Even so, satisfaction atonement is ubiquitous.  It is depicted in church art and reiterated in our prayers and hymns.[4] In at least one Episcopal church in Florida, it was the sermon on Christmas Eve.

It was not always so.

In Saving Paradise, Rita Nakashima Brock and Rebecca Ann Parker argue that Jesus’ crucifixion has not always been central to Christianity. “Images of [Jesus’] corpse did not appear in churches until the tenth century.”[5]  Similarly, the earliest Eucharistic prayer we have found[6]  “does not mention the death of Jesus or his body and blood…”[7]  The dominant image of early Christian sanctuaries was paradise. Not in the sense of “heaven” or the afterlife.  “Paradise” meaning “this world, permeated and blessed by the Spirit of God.”[8]

Early Christians did not ignore Jesus’ death. But there was much less certainty or agreement as to what his death meant.  Many tried to make sense of it. This week’s gospel reading is one such reflection. (John 12:24 – If a grain of wheat dies, it bears much fruit.)  The second reading from Hebrews is another. There were more.

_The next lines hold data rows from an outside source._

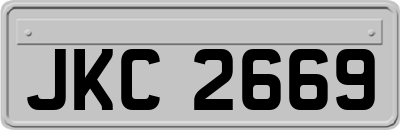 JKC2669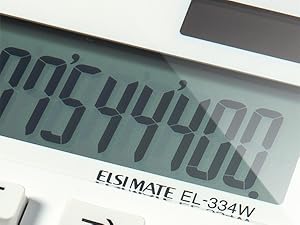 EL-334W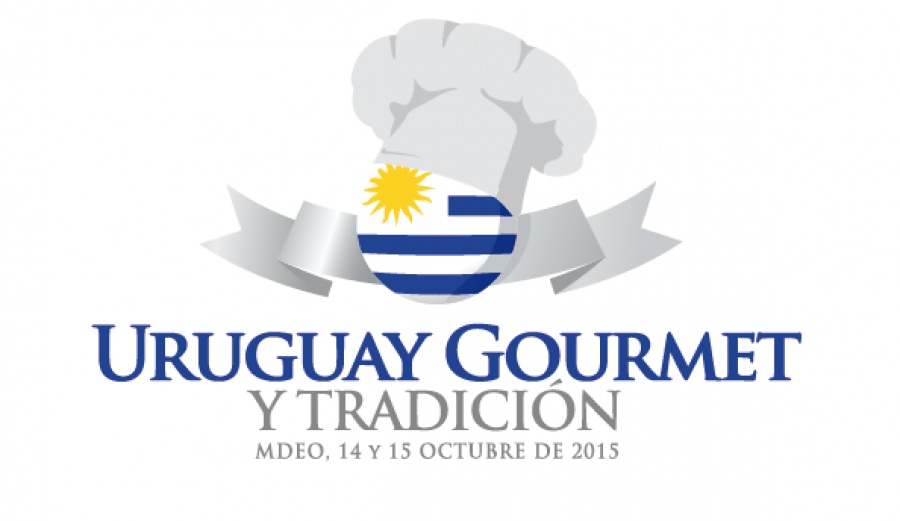 AHRU AUSIPICIA URUGUAY GOURMET Y TRADICI&Oacute;N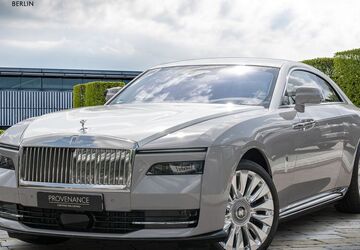 Rolls Royce Spectre 5.400 km 389.000 &euro; Berlin 12203
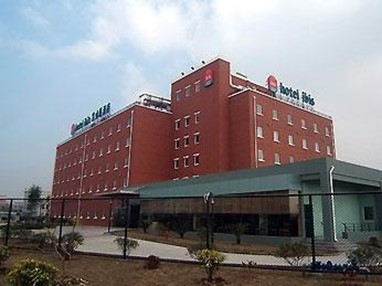 Ibis Hotel(Zhongshan Huangpu)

In other words, if “Jesus died for your sins” doesn’t work for you as a Christmas Eve meditation, or even as a Lent and Holy Week meditation, you are not alone. In fact, you are in very Christian company.

Next week: Palm Sunday – Saving Paradise Part II


[1] J. Denny Weaver, The Nonviolent Atonement, (Wm. B. Eerdmans Publishing Co., Grand Rapids, MI. 2d ed. 2011) digital location 275.

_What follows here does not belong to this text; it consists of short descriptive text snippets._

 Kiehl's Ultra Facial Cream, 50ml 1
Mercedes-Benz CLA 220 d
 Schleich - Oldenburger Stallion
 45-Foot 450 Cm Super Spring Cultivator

[2] Notably, a contemporary: Peter Abelard (c.1079 – 1142.)

[3] Weaver, The Nonviolent Atonement, digital location 1167.

[4] For example, in The Hymnal 1982, (The Church Hymnal Corporation, New York, 1985), #168, O Sacred Head vs. 3: “In thy most bitter passion my heart to share doth cry, with thee for my salvation upon the cross to die.” or #158, Ah, Holy Jesus vs. 3: “Lo, the Good Shepherd for the sheep is offered; the slave hath sinned, and the Son hath suffered; for our atonement…”  or #693,  Just as I Am  vs. 1: “Just as I am without one plea, but that thy blood was shed for me…”

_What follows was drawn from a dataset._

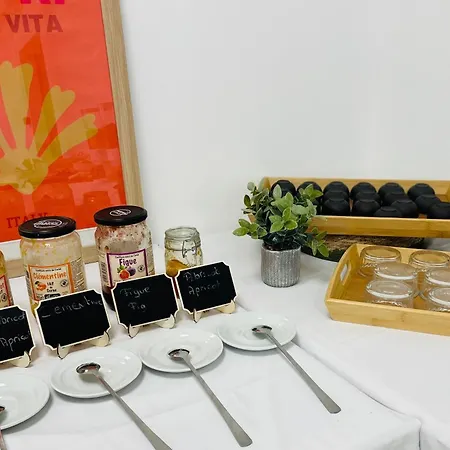 Les Pavillons Du Golfe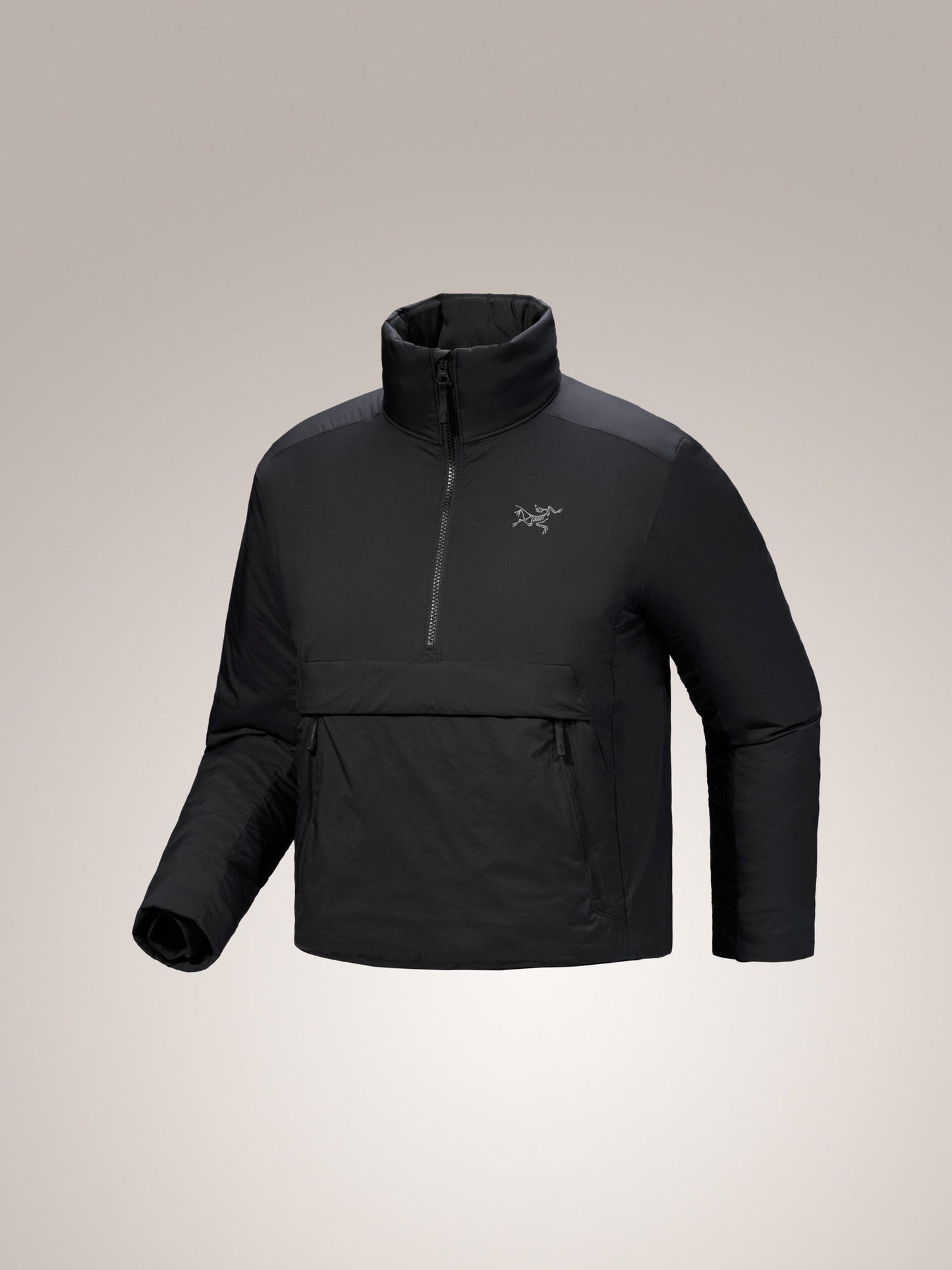 Elec SV 1/2 Zip Women's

[5] Rita Nakashima Brock & Rebecca Ann Parker, Saving Paradise: Howe Christianity Traded Love of This World for Crucifixion and Empire, (Beacon Press, Boston) 2008 at 27.

[6] The Didache – a church order document believed to be of the first century C.E.

[7] Andrew B. McGowan, Ancient Christian Worship: Early Church Practices in Social, Historical and Theological Perspective. (Baker Academic, Grand Rapids, MI.) 2016 at 37. Saving Paradise, digital location 2882-2938.

[8] Brock & Parker, Saving Paradise at xix.